*** RECORDED DATA ***

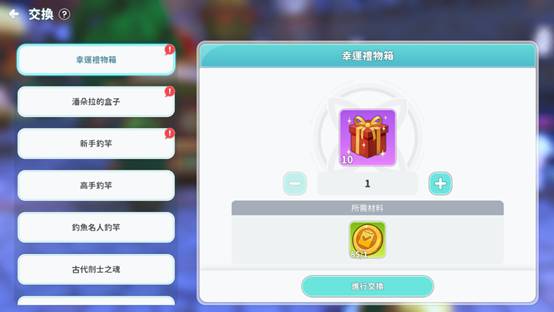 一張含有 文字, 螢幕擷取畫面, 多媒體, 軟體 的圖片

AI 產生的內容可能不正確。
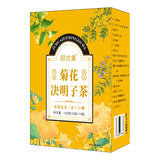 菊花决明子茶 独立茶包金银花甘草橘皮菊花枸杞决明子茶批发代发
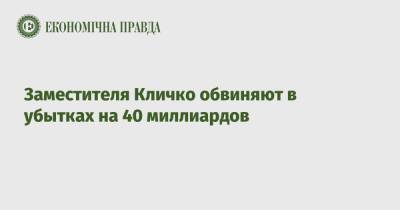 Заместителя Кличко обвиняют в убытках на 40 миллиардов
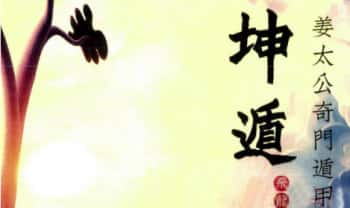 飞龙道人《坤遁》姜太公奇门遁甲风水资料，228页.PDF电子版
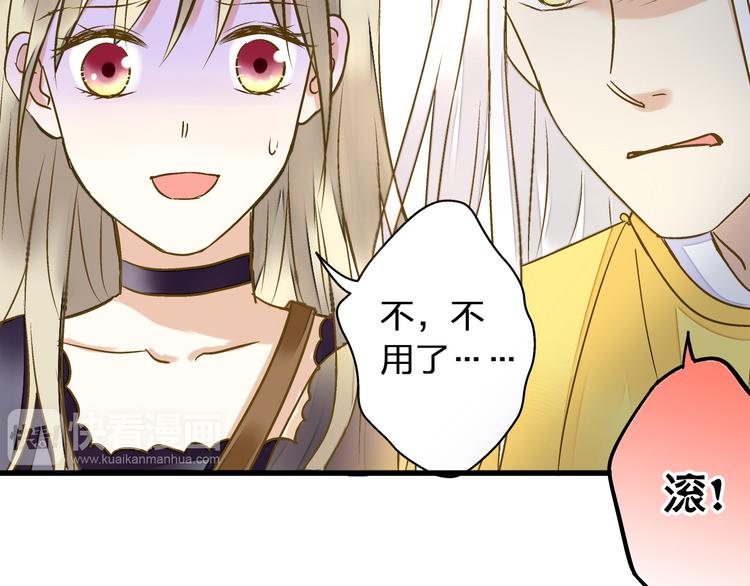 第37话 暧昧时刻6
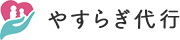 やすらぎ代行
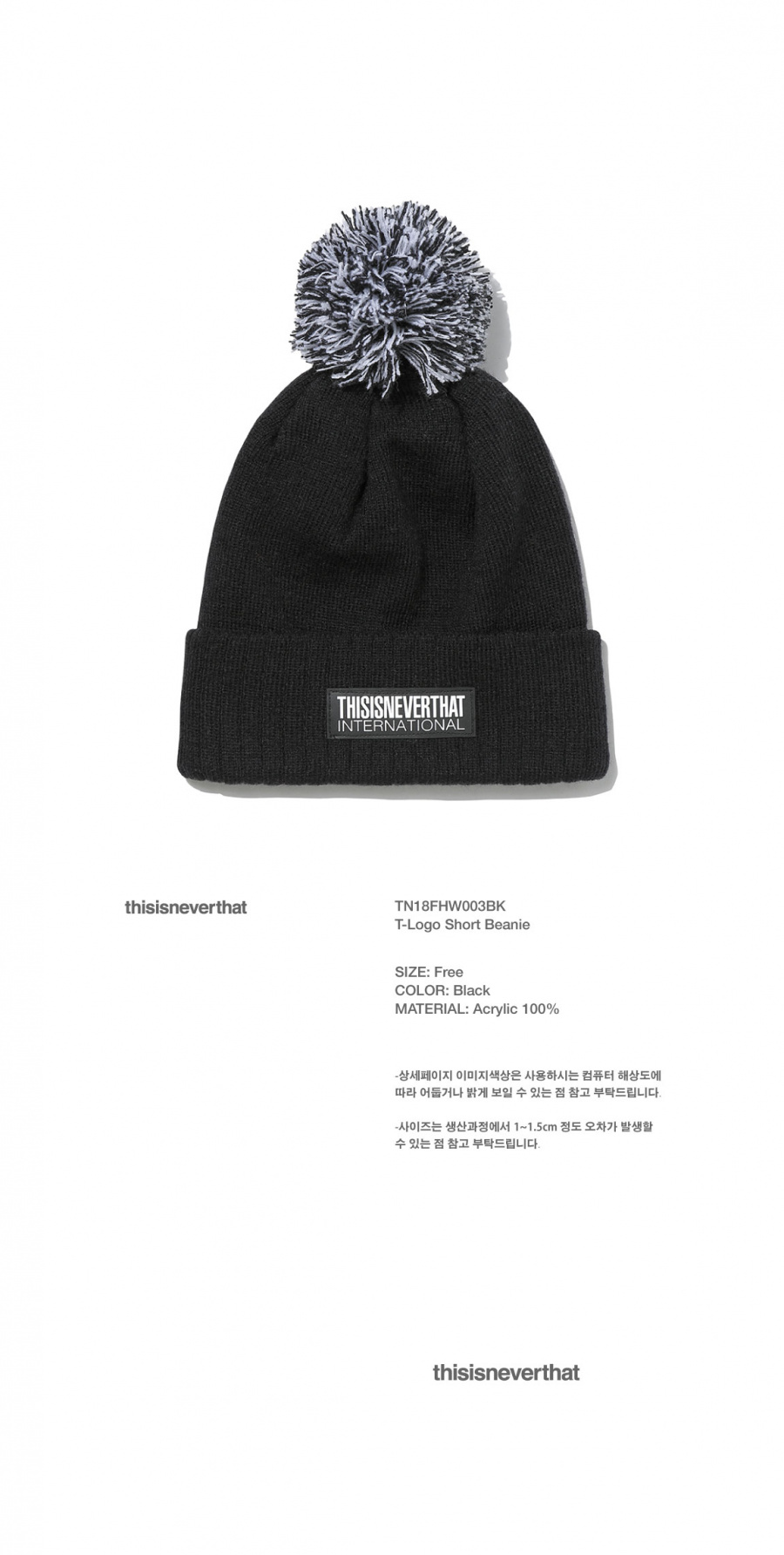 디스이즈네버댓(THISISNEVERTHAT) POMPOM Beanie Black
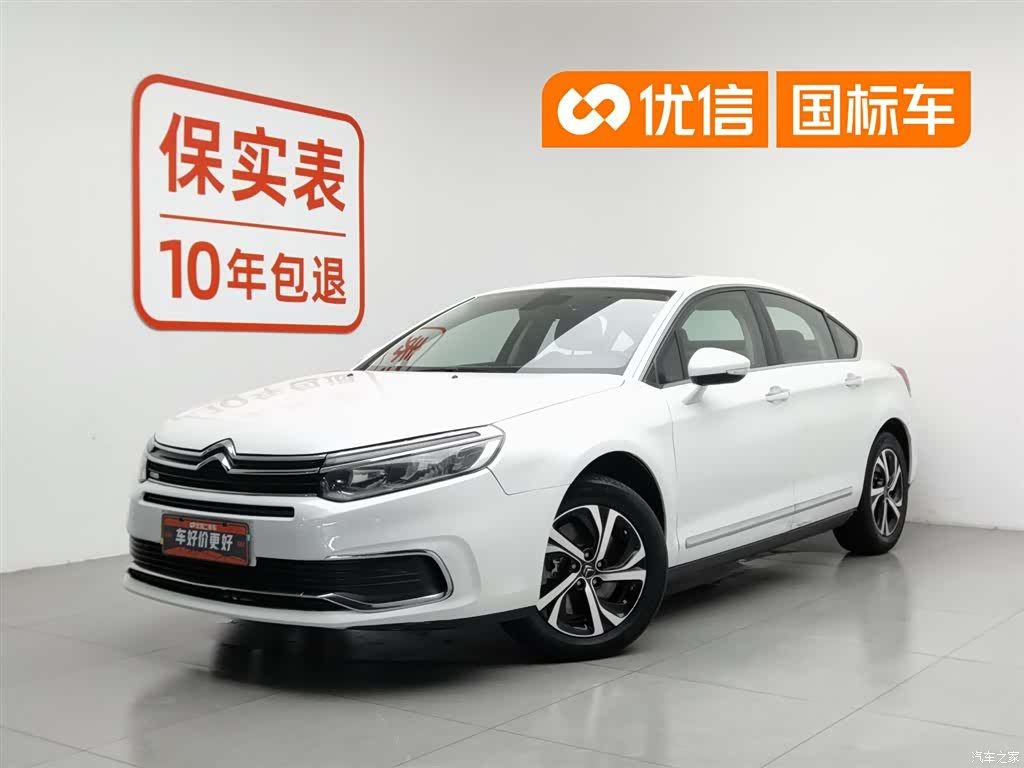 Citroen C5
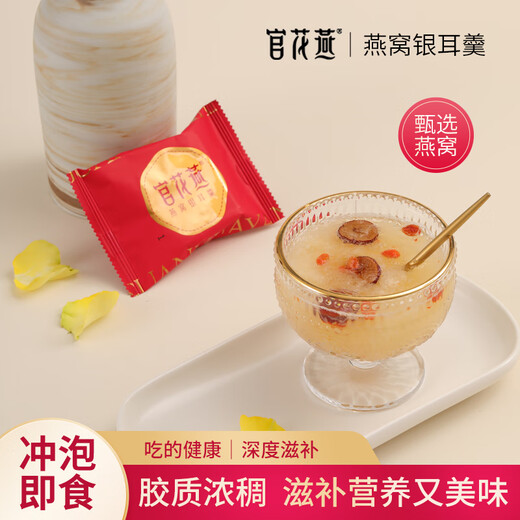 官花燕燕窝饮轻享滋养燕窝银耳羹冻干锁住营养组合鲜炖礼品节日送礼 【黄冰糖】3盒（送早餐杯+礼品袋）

*** End of RECORDED DATA ***

DIRECTIONS: If pictures appear in the data, omit them and copy all other parts exactly.

ANSWER TO THE PROBLEM:
 一張含有 文字, 螢幕擷取畫面, 多媒體, 軟體 的圖片

AI 產生的內容可能不正確。
 菊花决明子茶 独立茶包金银花甘草橘皮菊花枸杞决明子茶批发代发
 Заместителя Кличко обвиняют в убытках на 40 миллиардов
 飞龙道人《坤遁》姜太公奇门遁甲风水资料，228页.PDF电子版
 第37话 暧昧时刻6
 やすらぎ代行
 디스이즈네버댓(THISISNEVERTHAT) POMPOM Beanie Black
 Citroen C5
 官花燕燕窝饮轻享滋养燕窝银耳羹冻干锁住营养组合鲜炖礼品节日送礼 【黄冰糖】3盒（送早餐杯+礼品袋）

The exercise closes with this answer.